🤖 AI Summary
To address the challenge of fine-grained backdoor triggers in data poisoning attacks—whose removal is difficult and often compromises semantic fidelity—this paper proposes a defense method based on a vector-quantized bottleneck. Specifically, it jointly models a Vector-Quantized Variational Autoencoder (VQ-VAE) with a GAN discriminator to perform semantics-preserving quantization-based purification of poisoned images. This approach disrupts trigger patterns while enforcing output adherence to the natural image distribution. Evaluated on CIFAR-10, the method achieves a zero percent poisoning success rate (PSR), maintains clean-accuracy between 91% and 95%, and accelerates inference by over 50× compared to diffusion-based defenses. The framework thus simultaneously delivers strong robustness against backdoor attacks, high-fidelity reconstruction, and superior computational efficiency.
📝 Abstract
We introduce PureVQ-GAN, a defense against data poisoning that forces backdoor triggers through a discrete bottleneck using Vector-Quantized VAE with GAN discriminator.

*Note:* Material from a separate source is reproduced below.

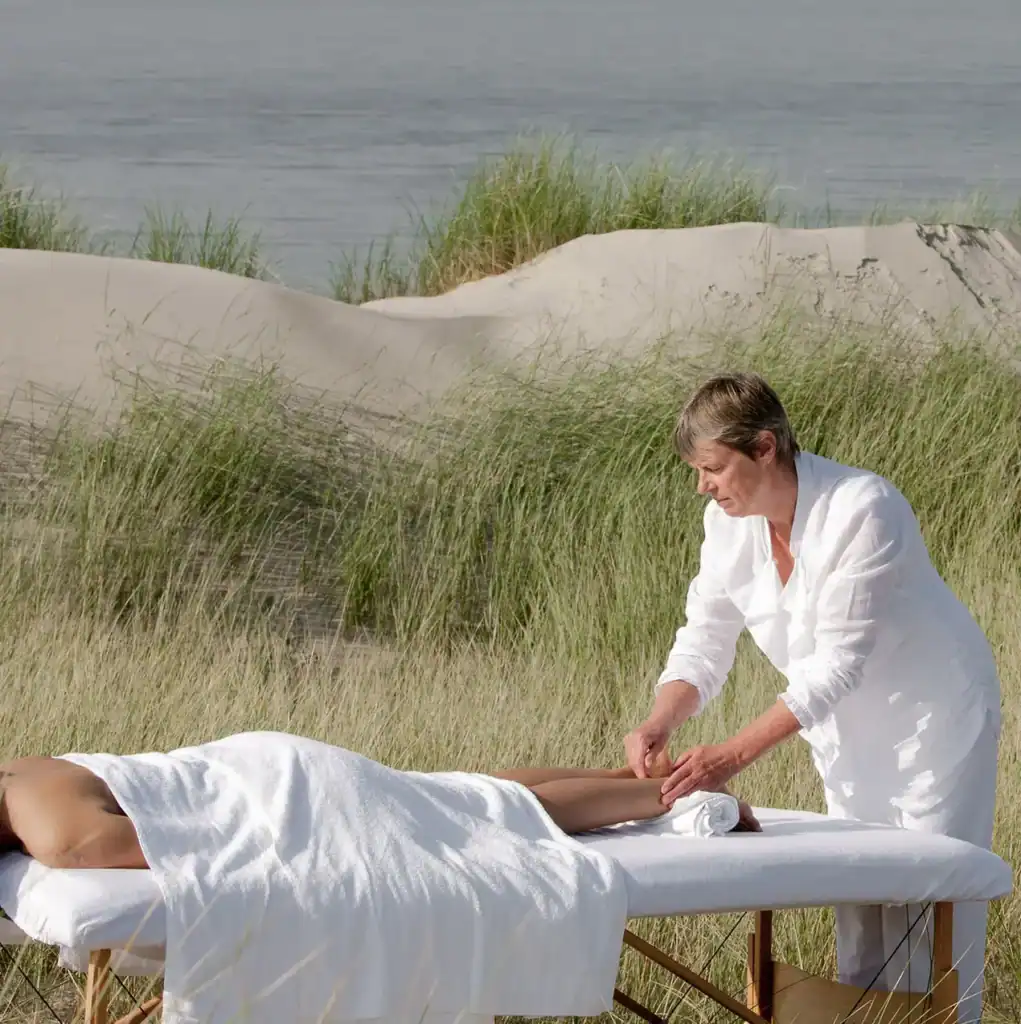 Relaxation et massage bien-être en plein air au bord de la mer, séance de relaxation avec une coach professionnelle.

By quantizing poisoned images through a learned codebook, PureVQ-GAN destroys fine-grained trigger patterns while preserving semantic content. A GAN discriminator ensures outputs match the natural image distribution, preventing reconstruction of out-of-distribution perturbations. On CIFAR-10, PureVQ-GAN achieves 0% poison success rate (PSR) against Gradient Matching and Bullseye Polytope attacks, and 1.64% against Narcissus while maintaining 91-95% clean accuracy. Unlike diffusion-based defenses requiring hundreds of iterative refinement steps, PureVQ-GAN is over 50x faster, making it practical for real training pipelines.